Avec un taux d’alcool de 2 g/L, qu’est-ce qu’on risque ?

La capacité du foie à éliminer l’alcool est atteinte avec une alcoolémie de 2,4 grammes par litre de sang. Ce qui représente une consommation minimum de 10 ballons de vin (10 cl) alcoolisé à 12°, 10 chopes de bière (25 cl) à 5°, 10 verres de whisky (3 cl) à 40° ou encore de 10 coupes de champagne (10 cl) à 12°.

Théoriquement, à partir d’un taux de 3 g/L, le coma éthylique survient. Et à 5 g/l, la mort.

En principe, chaque verre consommé fait augmenter l’alcoolémie de 0,20 à 0,25 g/L chez l’homme, et de 0,30 g/L chez la femme.

Si l’abus de boissons alcoolisées est fortement préjudiciable pour la santé, il est aussi sévèrement sanctionné par la loi. Il faut donc surveiller la quantité d’alcool que l’on accepte d’absorber.

Pour ce qui concernant le débitant de boissons, il doit garder en tête que servir un client en état d’ivresse est sanctionné par la loi (décret n° 2003-462 du 21 mai 2003).

Tour d’horizon des différentes sanctions liées à une consommation abusive de breuvages alcooliques.

Entre 0,5 g/L et 0,8 g/L

Dans l’Hexagone, il est interdit de conduire un véhicule dès lors que l’on présente une alcoolémie supérieure ou égale à 0,5 g/L (0,2 g/L pour les permis probatoires). Passer outre cette réglementation donne lieu à une contravention de 4e classe :

  • Une amende de 135 €.
  • Un retrait de 6 points sur le permis de conduire.
  • Une suspension du permis pendant 3 ans maximum.

À partir de 0,8 g/L

Dans ce cas, on tombe dans le délit (loi du 8 décembre 1983). Les sanctions, assorties de condamnation judiciaire, sont dans ce cas les suivantes :

  • Une immobilisation immédiate du véhicule.
  • Une mise en garde à vue du conducteur (72 heures maximum).
  • À propos du permis de conduire : 6 points de retrait, suspension ou annulation pour 3 ans.
  • Jusqu’à 4 500 € d’amende.
  • Une peine de 2 ans de prison.

Mettre la vie d’autrui en danger : sanctions encourues

En cas d’accident de la route mettant la vie d’autrui en danger, le conducteur en état d’ébriété encourt des peines bien plus lourdes.
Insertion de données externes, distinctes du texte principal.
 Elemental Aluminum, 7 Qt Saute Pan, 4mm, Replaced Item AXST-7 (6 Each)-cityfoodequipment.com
Ainsi, si l’usager de la route a subi de graves blessures, l’auteur de l’accident est passible des sanctions suivantes :

  • Amende : 75 000 €.
  • Sur le permis de conduire : 6 points de retrait et 10 ans de suspension.
  • Confiscation du véhicule.

En cas de mort d’autrui, la répression consiste, entre autres, en :

  • Une amende de 100 000 €.
  • Une peine de prison de 7 ans.

L’alcool au volant tue : les chiffres de l’ONISR

Une fois de plus, l’Observatoire national interministériel de la sécurité routière (ONISR) le prouve à travers les chiffres qu’il a publiés dans son bilan définitif de l’accidentalité routière en France métropolitaine pour l’année 2016 :

  • 29 % des accidents routiers mortels sont causés par l’alcool.
  • 17 % des 559 piétons décédés accusaient une alcoolémie supérieure à 0,5 g/L.
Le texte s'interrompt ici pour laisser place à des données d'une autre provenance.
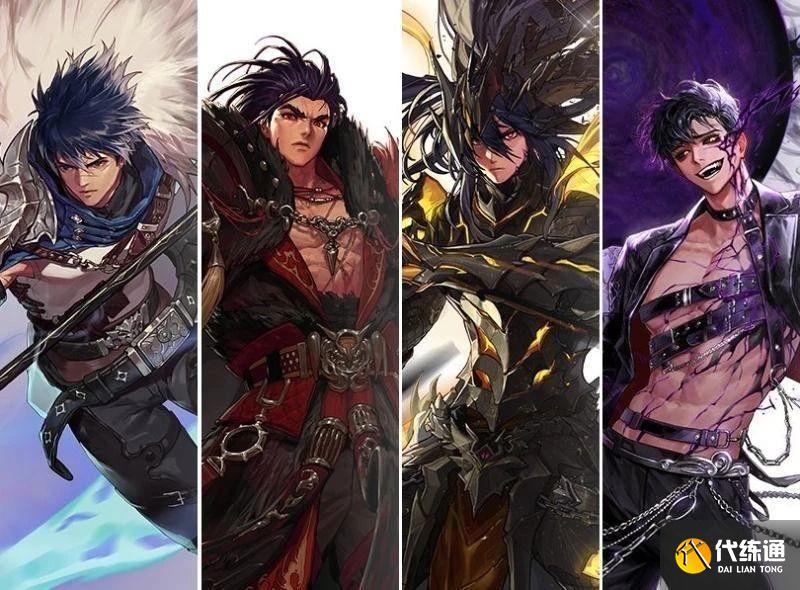 DNF魔枪士三觉技能展示：魔枪士三觉技能效果一览[多图]图片1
Pour ce qui est des auteurs d’accidents mortels :

  • 24 % d’entre eux sont des jeunes de 18 à 24 ans.
  • Ils sont 26 % à être âgés de 25 à 34 ans.
  • Et 23 % d’entre eux se situent dans la tranche d’âge 35-49 ans.

En outre, le mélange cannabis/alcool multiplie au moins par 15 le risque d’être à l’origine d’un accident mortel.

Notons qu’un conducteur sous l’emprise d’alcool associé à des stupéfiants est passible d’une amende de 4 500 €, de 2 ans de prison, et d’une annulation du permis de conduire.